_What the task requires:_
Find the line with "Peugeot 208 1.2 PureTech Signature" in the entries below, then output every line from it down to the line with "Load image into", exactly and with no pictures.

_Given data:_
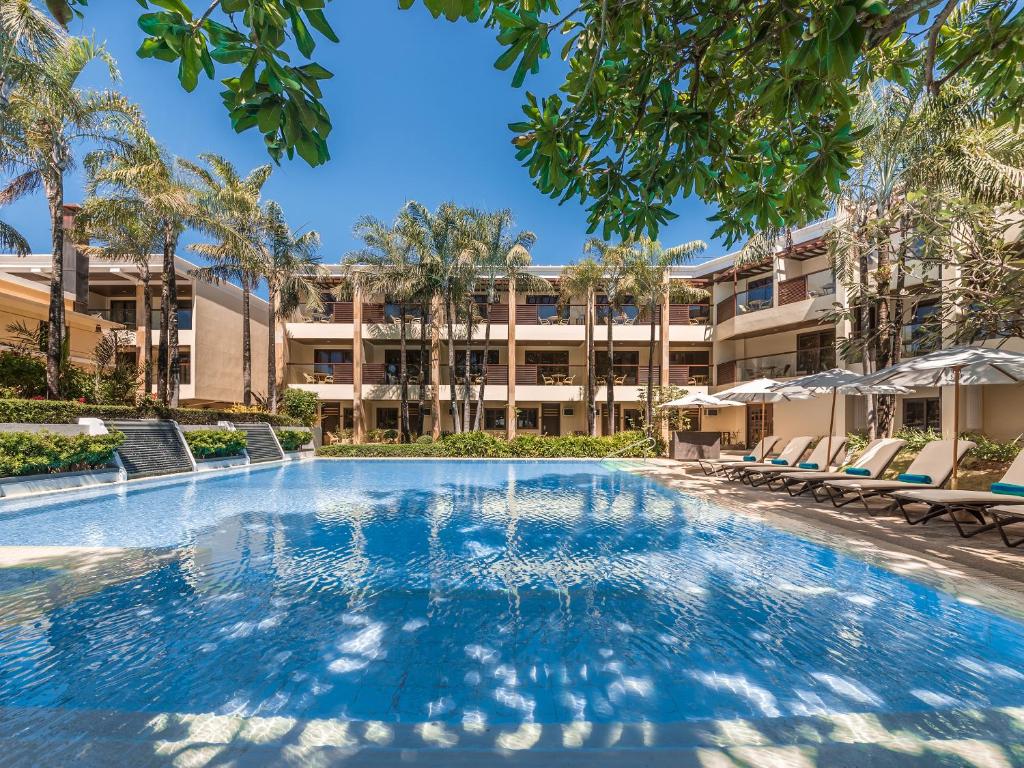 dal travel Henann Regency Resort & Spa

...

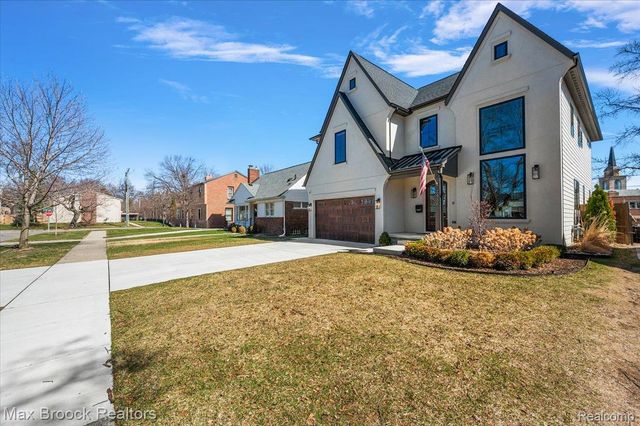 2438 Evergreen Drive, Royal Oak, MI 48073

---

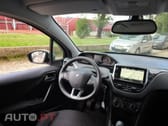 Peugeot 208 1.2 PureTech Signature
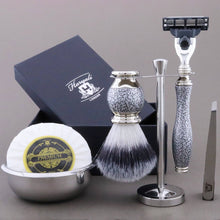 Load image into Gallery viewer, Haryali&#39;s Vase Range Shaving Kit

_Task answer:_
 Peugeot 208 1.2 PureTech Signature
 Load image into Gallery viewer, Haryali&#39;s Vase Range Shaving Kit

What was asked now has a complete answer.